Page last updated 27 Feb 2012, by jim hamblen. 14 replies

The EasyVR module by Veear and available from several other distributers is a small low-cost voice recognition module. Pricing is about the same as mbed. A basic speech recognition demo was working after about an hour of work after opening the box. The black potted IC in the middle is likely the processor chip and the large chip is flash. Most likely, it is one of the ICs from Sensory that was used in the recent reincarnation of Furby and quite a few other embedded devices and toys.

/media/uploads/4180_1/_scaled_easyvr2.jpg
The EasyVR module, microphone, and cable set

Wiring

It outputs a serial TTL signal and runs off of 3.3V. Just plug in the microphone, hook up power, and then the serial RX/TX pins.

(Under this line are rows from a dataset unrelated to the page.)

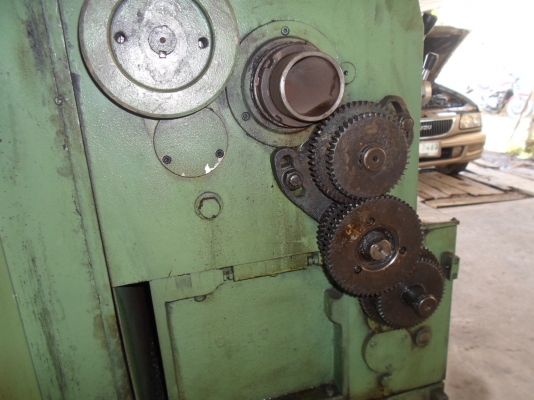 เครื่องกลึง 7 ฟุต หนัก 2 เพลา เกียร์บล็อก กลึงเกลียวไม่ต้องเปลี่ยนเฟือง 125,000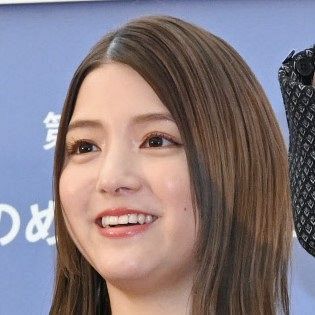 新婚の川島海荷、高校の同級生・志田未来とクリスマスショット公開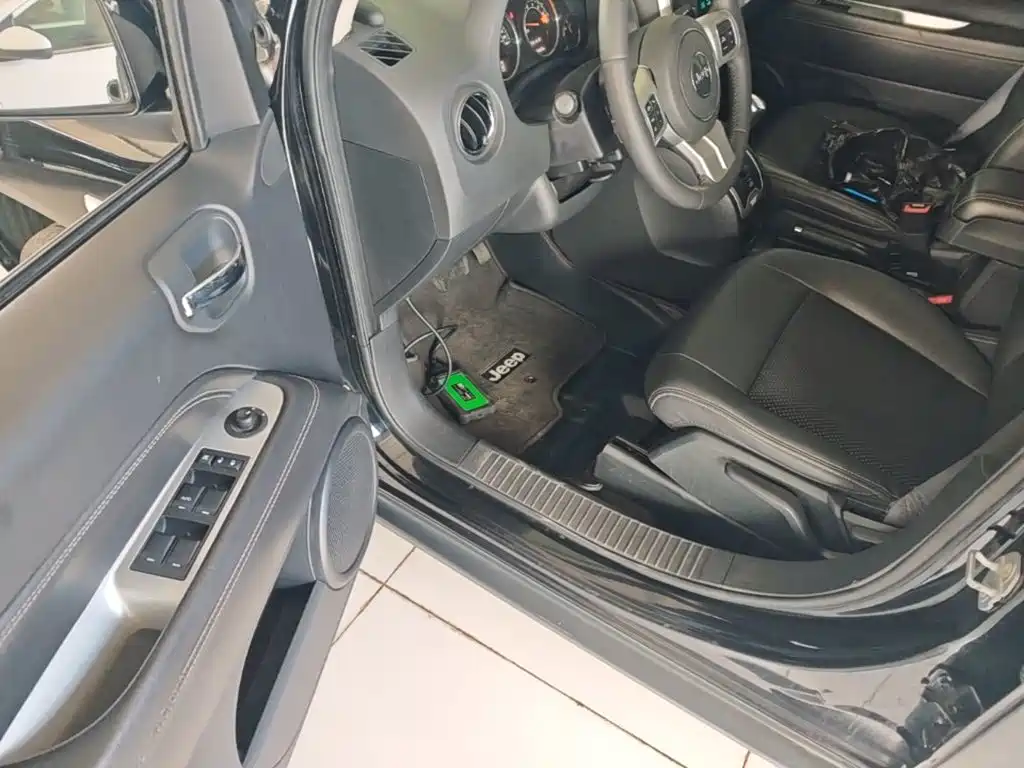 Jeep Compass (Import) — миниатюра 16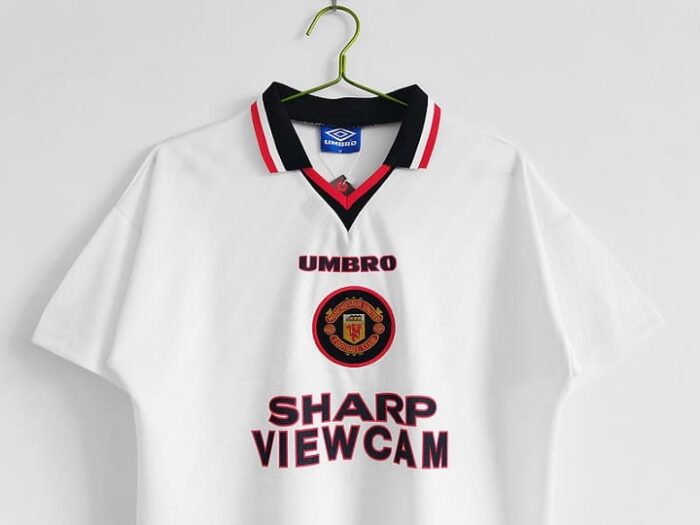 Manchester United 96-97 Away White Football Kit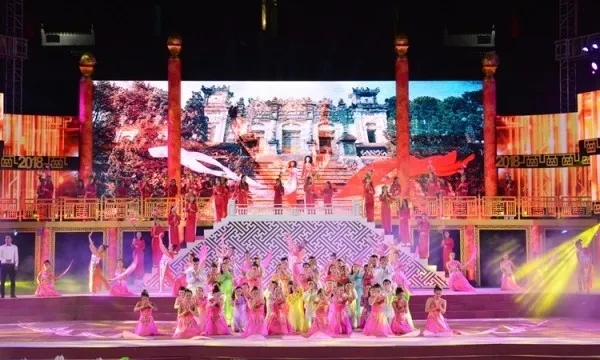 2018 Hue Festival attracts thousands of visitors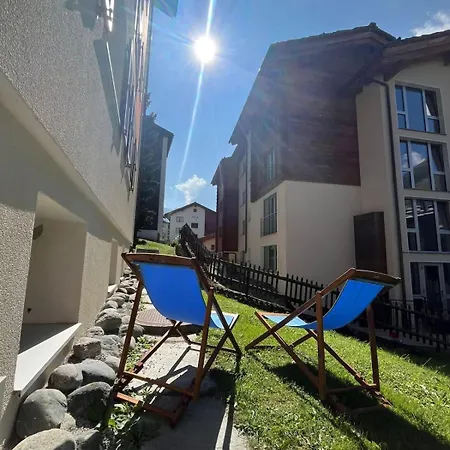 House Melezes C - Charming And Well-being Apartment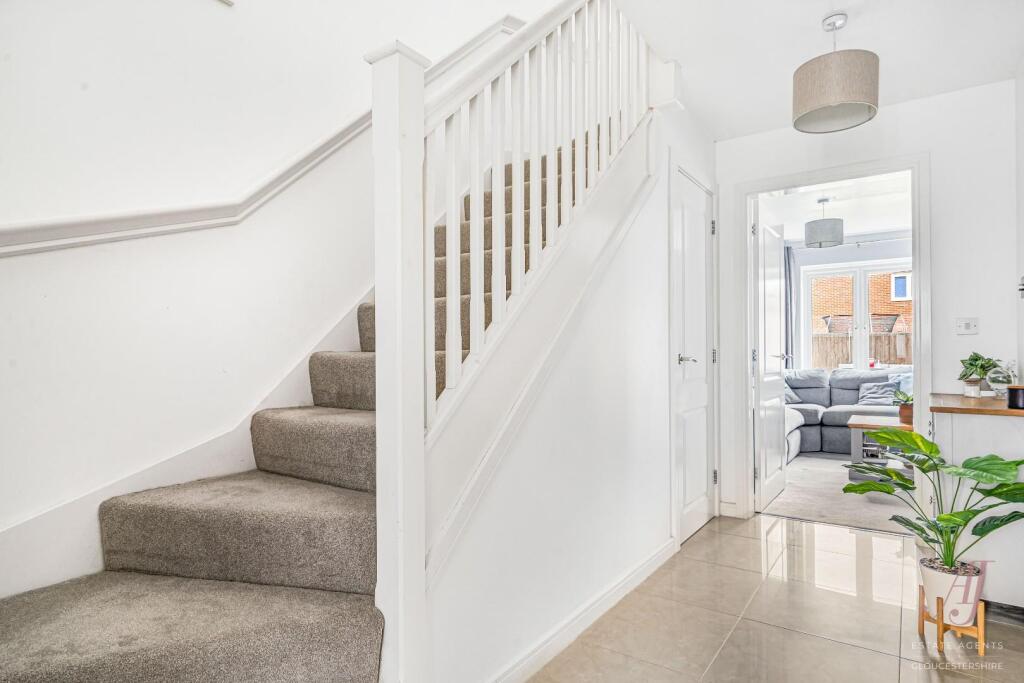 House in Gloucester - View 4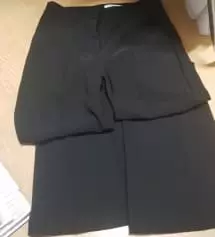 같이산 와이드팬츠보다는 몸에 딱 맞는 느낌인 것 같아용!! 이 바지는 좀 높이가 있은 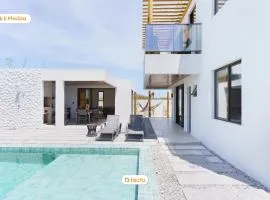 Flamboyant: casa moderna no Praia Canoé c/ rooftop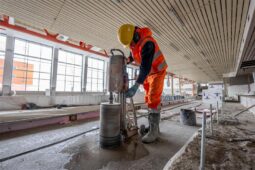 VIDEO: Rekonstrukce bazénu Evžena Rošického v Jihlavě míří do finále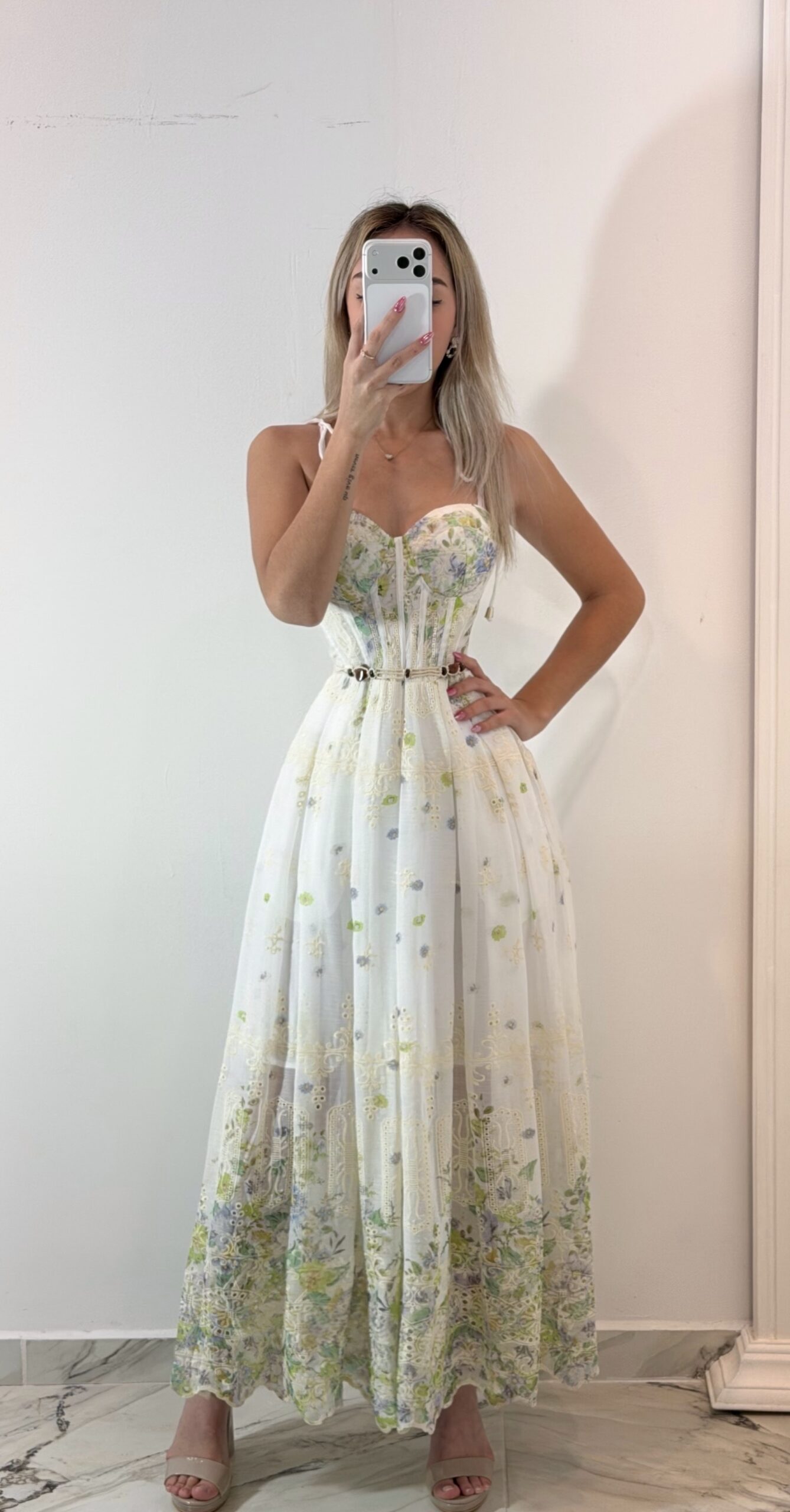 Vestido Largo Blanco Con Tirantes Ajustables Y Bordado Floral - Image 4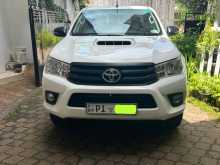 Toyota Hilux 2017 Pickup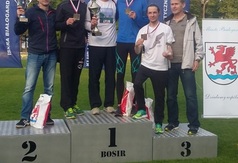 Tomasz Grycko ze złotym medalem oraz trenerzy zawodników z podium Mistrzostw Polski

Don't forget the RX and TX swap when connecting to mbed (i.e., RX-TX and TX-RX) and be very careful not to swap the color coded power pins!

EasyVRwire
Wire connections from EasyVR to mbed

mbed	EasyVR	wire color
gnd	gnd	black
Vout(3.3)	Vcc	red
RX(14)	ETX	white
TX(13)	ERX	blue

Training using the EasyVR GUI

The serial bridge code below can then be run on mbed so that it can talk to their PC-based EasyVR GUI training program over mbed's USB Virtual Com Port. This software allows the user to create and test new speaker dependent (i.e., trained for one person) command words.

Bridge_for_EasyVR_GUI_tool

//EasyVR Bridge Program to connect to PC using mbed
#include "mbed.h"

Serial pc(USBTX, USBRX); // tx, rx
Serial device(p13, p14);  // tx, rx

int main() {
    while(1) {
        if(pc.readable()) {
            device.putc(pc.getc());
        }
        if(device.readable()) {
            pc.putc(device.getc());
        }
    }
}

Import program EasyVR_Bridge

Serial Bridge program to support using the EasyVR with mbed. It is run when using the PC-based EasyVR GUI tools for voice recognition training and testing.

/media/uploads/4180_1/_scaled_easyvrgui.jpg
The PC-based EasyVR GUI using the mbed bridge code for training

Standalone Voice Recognition

It comes with some built-in speaker independent voice recognition commands (available in English, Italian, Japanese, German, Spanish and French). Here is a demo based on the number commands. This video is using the set of number words (0..10) to control (toggle) the 4 leds on mbed. The demo needs some more work to add timeout and error code checking as suggested in their manual, but it works fairly well without it. Commands and responses are all sent as printable ASCII characters.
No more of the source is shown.